Dépendant de son heure d’arrivée, par exemple en après-midi, Prophète soupe avec la famille et on le garde à coucher. Il va dormir sous les combles dans la grande pièce qui sert de chambre commune aux garçons de la famille. Avant de se mettre au lit, il s’agenouille et, à voix haute, fait sa prière : « J’aime Dieu, je me donne à Dieu, j’ai un regret d’avoir offensé Dieu. » Ses façons de faire portent les garçons, adolescents et jeunes gens, à l’agacer. Après sa prière il se fait demander : « As-tu une blonde, Prophète? – T’as pas peur d’aller en enfer? » et autres questions ou remarques du genre. Pour cette âme simple, ce genre de propos est un peu scandalisant. Il se défend en se mettant à raconter toutes sortes d’histoires qui n’en finissent plus. Si bien que les garçons que le besoin de dormir a fini par gagner ne le trouvent plus drôle. « Ferme-la, lui crie l’un deux, ou je vais aller te la fermer moi-même. » Cela suffit et le débat est clos.

D’ascendance irlandaise, Prophète parlait le français sans accent. Comme les gens de son peuple, il avait les pommettes saillantes et roses. Il portait la barbiche et une petite moustache, avait d’épais sourcils et une chevelure abondante et frisée. C’est grand-mère qui lui avait donné le surnom de Prophète. Pressentant un changement dans le temps, il prédisait, par exemple, qu’on aurait de la pluie. « Comment peux-tu savoir ça? » lui demandait grand-mère. « Parce que je le sais. » Pour confirmer la chose, il frappait le mur des jointures d’une main tout en plaçant l’autre près de son oreille pour mieux entendre et répétait : « On va avoir de la pluie. »

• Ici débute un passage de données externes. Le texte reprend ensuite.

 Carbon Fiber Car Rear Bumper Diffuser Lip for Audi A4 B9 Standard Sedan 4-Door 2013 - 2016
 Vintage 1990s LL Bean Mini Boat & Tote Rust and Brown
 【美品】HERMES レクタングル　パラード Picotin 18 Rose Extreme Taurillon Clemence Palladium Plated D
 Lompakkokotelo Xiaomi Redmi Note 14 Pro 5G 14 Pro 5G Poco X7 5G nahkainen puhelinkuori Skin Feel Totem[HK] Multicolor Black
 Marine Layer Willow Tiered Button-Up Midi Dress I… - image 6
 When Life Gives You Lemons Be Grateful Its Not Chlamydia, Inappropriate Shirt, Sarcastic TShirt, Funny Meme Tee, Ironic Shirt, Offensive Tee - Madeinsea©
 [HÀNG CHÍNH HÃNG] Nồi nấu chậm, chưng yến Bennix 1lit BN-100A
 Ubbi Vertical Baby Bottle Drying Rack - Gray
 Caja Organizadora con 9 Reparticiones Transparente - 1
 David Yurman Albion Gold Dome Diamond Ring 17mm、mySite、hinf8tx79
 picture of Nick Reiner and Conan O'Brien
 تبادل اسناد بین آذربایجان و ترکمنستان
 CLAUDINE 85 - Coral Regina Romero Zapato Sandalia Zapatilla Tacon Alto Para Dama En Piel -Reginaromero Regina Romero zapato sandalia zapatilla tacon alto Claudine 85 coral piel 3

Quand venait le temps de partir après le déjeuner, Prophète était triste et grand-mère l’était également. Elle éprouvait de la compassion et de l’affection pour cet homme, un grand enfant à l’esprit simple qu’elle jugeait bon et dénué de malice. Probablement un errant sans famille, il ressentait la chaleur d’une certaine tendresse dans l’accueil reçu. Son statut l’obligeait toutefois à mettre fin à ce court séjour. Le cœur un peu gros, mais sans le dire, il remerciait son hôtesse d’un jour, reprenait sa route de quêteux et retrouvait les incertitudes qui l’accompagnaient dans ses déplacements.

(Les souvenirs évoqués dans ce texte sont ceux de Viviane Desrosiers.)